- WORK TO COMPLETE -
Print, exactly as written, every line from the first line of the records below through the line containing "Tööstuslik põrandakate - RAL 5008", and nothing further.

[Short text fragments from websites]

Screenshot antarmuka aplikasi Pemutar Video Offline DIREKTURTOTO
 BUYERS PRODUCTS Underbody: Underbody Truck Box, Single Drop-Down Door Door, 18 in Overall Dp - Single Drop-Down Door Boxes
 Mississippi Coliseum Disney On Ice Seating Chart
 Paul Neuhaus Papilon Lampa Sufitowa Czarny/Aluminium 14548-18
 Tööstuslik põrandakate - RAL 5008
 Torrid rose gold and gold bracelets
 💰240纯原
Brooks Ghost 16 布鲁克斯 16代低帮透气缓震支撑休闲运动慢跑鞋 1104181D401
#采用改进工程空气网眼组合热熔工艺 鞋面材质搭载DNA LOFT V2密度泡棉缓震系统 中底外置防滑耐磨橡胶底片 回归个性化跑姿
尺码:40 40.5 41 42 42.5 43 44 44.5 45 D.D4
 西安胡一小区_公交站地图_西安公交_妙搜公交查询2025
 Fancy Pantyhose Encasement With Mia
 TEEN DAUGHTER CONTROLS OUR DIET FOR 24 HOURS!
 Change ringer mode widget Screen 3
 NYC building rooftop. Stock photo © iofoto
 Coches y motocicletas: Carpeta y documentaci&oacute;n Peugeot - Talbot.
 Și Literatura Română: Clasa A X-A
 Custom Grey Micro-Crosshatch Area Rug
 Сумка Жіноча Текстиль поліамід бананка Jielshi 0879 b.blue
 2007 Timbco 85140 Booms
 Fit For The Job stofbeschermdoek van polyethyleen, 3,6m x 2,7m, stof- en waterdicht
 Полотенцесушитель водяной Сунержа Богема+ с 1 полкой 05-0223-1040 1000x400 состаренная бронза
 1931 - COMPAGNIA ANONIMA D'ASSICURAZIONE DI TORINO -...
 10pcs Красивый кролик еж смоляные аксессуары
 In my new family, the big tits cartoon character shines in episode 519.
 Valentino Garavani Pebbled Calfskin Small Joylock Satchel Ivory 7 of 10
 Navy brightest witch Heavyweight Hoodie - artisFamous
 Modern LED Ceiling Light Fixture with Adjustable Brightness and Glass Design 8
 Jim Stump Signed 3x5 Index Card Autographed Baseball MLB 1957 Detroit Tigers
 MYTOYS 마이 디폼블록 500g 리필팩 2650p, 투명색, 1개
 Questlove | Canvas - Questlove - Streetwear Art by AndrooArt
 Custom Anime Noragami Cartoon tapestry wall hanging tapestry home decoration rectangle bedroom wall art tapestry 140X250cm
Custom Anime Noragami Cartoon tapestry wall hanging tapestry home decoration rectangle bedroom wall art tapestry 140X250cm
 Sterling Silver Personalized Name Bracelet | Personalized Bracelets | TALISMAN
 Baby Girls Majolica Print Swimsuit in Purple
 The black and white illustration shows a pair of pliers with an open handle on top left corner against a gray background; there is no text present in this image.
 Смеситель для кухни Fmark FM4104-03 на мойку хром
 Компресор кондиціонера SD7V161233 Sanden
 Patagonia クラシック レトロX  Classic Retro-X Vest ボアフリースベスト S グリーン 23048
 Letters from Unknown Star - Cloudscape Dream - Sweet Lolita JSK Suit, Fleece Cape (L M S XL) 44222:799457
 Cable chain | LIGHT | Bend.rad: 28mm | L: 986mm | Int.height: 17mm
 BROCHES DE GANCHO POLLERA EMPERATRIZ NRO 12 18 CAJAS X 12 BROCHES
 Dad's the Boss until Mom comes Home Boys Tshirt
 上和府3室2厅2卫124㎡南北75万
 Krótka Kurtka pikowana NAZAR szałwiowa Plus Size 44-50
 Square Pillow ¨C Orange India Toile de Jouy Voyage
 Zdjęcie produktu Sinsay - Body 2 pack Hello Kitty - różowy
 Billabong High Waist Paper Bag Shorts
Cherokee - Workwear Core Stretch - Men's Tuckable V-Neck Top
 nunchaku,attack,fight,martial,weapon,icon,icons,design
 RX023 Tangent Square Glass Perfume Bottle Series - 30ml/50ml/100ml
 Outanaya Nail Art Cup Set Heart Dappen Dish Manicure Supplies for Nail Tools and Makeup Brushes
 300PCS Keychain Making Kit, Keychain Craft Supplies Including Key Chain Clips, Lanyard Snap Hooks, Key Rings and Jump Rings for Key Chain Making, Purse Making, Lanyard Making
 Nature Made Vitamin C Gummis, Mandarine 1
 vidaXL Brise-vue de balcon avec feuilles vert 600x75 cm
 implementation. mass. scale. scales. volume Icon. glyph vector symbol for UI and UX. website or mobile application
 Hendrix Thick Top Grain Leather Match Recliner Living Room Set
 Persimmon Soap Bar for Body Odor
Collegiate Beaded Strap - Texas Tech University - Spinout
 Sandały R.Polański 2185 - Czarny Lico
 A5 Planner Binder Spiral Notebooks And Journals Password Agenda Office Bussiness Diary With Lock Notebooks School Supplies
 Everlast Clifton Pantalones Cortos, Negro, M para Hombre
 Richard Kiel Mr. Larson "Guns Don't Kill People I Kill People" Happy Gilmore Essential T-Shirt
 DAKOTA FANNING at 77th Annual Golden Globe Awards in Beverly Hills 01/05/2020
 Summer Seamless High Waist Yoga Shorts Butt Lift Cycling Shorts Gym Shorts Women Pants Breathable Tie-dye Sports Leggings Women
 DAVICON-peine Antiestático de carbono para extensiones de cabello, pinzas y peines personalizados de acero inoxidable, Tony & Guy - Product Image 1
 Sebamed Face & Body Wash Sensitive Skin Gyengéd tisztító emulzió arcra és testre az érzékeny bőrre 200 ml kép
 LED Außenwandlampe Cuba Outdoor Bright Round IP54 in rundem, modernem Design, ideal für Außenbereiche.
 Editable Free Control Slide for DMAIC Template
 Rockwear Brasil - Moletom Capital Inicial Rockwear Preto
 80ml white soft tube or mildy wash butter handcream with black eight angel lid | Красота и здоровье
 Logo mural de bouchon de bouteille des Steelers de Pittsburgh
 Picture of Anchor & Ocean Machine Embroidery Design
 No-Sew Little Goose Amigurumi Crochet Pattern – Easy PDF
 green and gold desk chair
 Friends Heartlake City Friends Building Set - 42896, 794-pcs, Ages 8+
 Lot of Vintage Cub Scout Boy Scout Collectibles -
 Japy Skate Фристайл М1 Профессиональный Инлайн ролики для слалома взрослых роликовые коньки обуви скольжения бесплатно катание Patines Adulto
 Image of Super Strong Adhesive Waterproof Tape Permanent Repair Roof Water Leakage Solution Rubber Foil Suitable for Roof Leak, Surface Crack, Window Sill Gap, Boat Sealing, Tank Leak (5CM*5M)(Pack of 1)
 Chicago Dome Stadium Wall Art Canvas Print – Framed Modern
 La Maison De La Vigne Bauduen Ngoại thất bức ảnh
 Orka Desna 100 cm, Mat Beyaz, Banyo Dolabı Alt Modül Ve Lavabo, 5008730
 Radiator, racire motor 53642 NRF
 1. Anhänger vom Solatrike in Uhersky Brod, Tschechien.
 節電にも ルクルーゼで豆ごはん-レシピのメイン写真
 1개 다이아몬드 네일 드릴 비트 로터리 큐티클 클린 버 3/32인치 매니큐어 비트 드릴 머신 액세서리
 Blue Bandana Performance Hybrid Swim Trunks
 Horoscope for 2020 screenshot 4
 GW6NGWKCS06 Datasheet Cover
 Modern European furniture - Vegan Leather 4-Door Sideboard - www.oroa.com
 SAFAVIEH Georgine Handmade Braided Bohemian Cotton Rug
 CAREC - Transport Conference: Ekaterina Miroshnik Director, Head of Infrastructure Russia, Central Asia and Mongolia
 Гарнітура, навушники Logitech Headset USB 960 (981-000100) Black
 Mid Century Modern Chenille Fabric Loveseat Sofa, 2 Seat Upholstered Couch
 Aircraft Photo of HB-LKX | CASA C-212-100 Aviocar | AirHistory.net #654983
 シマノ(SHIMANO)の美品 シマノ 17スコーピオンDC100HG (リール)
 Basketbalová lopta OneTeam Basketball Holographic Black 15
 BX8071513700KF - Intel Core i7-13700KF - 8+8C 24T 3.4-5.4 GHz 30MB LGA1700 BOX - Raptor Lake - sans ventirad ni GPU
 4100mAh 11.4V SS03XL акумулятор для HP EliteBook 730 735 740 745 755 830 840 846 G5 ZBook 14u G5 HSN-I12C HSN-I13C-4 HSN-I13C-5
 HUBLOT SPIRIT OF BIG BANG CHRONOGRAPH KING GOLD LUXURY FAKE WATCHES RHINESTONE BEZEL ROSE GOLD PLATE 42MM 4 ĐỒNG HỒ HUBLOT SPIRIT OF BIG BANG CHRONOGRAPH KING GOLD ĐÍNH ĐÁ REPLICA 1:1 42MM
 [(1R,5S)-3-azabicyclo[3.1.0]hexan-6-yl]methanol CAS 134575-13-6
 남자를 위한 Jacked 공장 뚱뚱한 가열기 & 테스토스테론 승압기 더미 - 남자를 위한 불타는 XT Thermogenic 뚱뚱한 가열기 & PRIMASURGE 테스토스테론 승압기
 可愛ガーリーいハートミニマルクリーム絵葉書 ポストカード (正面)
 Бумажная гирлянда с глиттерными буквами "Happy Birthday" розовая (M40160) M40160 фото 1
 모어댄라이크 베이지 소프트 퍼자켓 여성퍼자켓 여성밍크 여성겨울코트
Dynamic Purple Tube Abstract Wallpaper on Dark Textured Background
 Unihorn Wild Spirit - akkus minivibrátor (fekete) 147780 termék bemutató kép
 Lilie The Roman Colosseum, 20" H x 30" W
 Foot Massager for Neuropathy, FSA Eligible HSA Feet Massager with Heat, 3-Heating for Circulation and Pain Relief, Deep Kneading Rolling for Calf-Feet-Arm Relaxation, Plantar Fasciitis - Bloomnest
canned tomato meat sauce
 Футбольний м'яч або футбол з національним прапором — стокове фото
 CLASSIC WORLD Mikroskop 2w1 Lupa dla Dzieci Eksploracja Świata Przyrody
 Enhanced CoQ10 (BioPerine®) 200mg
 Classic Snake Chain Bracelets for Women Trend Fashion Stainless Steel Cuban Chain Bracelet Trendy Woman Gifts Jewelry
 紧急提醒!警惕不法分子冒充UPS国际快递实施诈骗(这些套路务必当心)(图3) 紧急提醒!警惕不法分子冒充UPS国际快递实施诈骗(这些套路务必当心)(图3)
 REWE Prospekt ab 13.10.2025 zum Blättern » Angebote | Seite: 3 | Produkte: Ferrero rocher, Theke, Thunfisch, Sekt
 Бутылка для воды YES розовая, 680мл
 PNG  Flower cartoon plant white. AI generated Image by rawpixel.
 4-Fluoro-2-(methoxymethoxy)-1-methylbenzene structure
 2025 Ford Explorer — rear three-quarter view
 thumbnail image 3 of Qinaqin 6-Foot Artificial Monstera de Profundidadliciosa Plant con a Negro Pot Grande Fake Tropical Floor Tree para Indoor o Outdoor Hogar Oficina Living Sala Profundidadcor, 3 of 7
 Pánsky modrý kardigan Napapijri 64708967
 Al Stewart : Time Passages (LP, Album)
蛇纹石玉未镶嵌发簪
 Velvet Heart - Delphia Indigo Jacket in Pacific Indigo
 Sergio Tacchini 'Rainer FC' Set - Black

- RESULT FOR THIS TASK -
Screenshot antarmuka aplikasi Pemutar Video Offline DIREKTURTOTO
 BUYERS PRODUCTS Underbody: Underbody Truck Box, Single Drop-Down Door Door, 18 in Overall Dp - Single Drop-Down Door Boxes
 Mississippi Coliseum Disney On Ice Seating Chart
 Paul Neuhaus Papilon Lampa Sufitowa Czarny/Aluminium 14548-18
 Tööstuslik põrandakate - RAL 5008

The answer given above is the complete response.